DIRECTIONS: Whatever the lines below say, output them exactly.

[Stored entries]

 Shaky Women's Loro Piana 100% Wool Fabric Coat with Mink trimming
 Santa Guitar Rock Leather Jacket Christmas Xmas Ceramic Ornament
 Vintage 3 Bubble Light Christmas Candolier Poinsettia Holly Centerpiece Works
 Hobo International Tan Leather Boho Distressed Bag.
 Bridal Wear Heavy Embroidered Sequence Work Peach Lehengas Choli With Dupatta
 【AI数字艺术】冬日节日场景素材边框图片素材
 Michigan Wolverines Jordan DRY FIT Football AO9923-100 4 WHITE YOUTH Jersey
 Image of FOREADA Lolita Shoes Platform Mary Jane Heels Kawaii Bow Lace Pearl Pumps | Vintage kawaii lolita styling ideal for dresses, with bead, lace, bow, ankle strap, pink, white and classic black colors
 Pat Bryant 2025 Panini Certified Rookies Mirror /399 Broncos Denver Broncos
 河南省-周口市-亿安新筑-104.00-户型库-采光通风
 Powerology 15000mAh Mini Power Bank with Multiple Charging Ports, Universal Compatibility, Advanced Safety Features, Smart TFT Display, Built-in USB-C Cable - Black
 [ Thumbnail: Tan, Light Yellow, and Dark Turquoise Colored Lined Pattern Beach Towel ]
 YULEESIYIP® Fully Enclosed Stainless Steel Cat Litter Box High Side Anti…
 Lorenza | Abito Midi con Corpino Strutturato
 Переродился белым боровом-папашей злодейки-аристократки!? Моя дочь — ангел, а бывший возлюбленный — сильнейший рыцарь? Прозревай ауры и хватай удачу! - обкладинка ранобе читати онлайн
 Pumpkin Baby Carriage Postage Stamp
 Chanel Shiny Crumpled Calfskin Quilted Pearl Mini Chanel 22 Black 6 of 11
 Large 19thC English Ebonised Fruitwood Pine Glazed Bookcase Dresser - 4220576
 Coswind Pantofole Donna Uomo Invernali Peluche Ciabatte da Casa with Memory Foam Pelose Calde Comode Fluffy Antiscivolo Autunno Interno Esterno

RESPONSE:
 Shaky Women's Loro Piana 100% Wool Fabric Coat with Mink trimming
 Santa Guitar Rock Leather Jacket Christmas Xmas Ceramic Ornament
 Vintage 3 Bubble Light Christmas Candolier Poinsettia Holly Centerpiece Works
 Hobo International Tan Leather Boho Distressed Bag.
 Bridal Wear Heavy Embroidered Sequence Work Peach Lehengas Choli With Dupatta
 【AI数字艺术】冬日节日场景素材边框图片素材
 Michigan Wolverines Jordan DRY FIT Football AO9923-100 4 WHITE YOUTH Jersey
 Image of FOREADA Lolita Shoes Platform Mary Jane Heels Kawaii Bow Lace Pearl Pumps | Vintage kawaii lolita styling ideal for dresses, with bead, lace, bow, ankle strap, pink, white and classic black colors
 Pat Bryant 2025 Panini Certified Rookies Mirror /399 Broncos Denver Broncos
 河南省-周口市-亿安新筑-104.00-户型库-采光通风
 Powerology 15000mAh Mini Power Bank with Multiple Charging Ports, Universal Compatibility, Advanced Safety Features, Smart TFT Display, Built-in USB-C Cable - Black
 [ Thumbnail: Tan, Light Yellow, and Dark Turquoise Colored Lined Pattern Beach Towel ]
 YULEESIYIP® Fully Enclosed Stainless Steel Cat Litter Box High Side Anti…
 Lorenza | Abito Midi con Corpino Strutturato
 Переродился белым боровом-папашей злодейки-аристократки!? Моя дочь — ангел, а бывший возлюбленный — сильнейший рыцарь? Прозревай ауры и хватай удачу! - обкладинка ранобе читати онлайн
 Pumpkin Baby Carriage Postage Stamp
 Chanel Shiny Crumpled Calfskin Quilted Pearl Mini Chanel 22 Black 6 of 11
 Large 19thC English Ebonised Fruitwood Pine Glazed Bookcase Dresser - 4220576
 Coswind Pantofole Donna Uomo Invernali Peluche Ciabatte da Casa with Memory Foam Pelose Calde Comode Fluffy Antiscivolo Autunno Interno Esterno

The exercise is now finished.